_DATA SECTION_.
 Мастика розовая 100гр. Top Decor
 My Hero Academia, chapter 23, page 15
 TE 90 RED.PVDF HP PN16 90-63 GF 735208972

_EXERCISE_.
Exactly as written, give again every line from the one containing "My Hero Academia, chapter 23, page 15" through the last line of the material above, and no other lines.

_SOLUTION TO THIS PROBLEM_.
 My Hero Academia, chapter 23, page 15
 TE 90 RED.PVDF HP PN16 90-63 GF 735208972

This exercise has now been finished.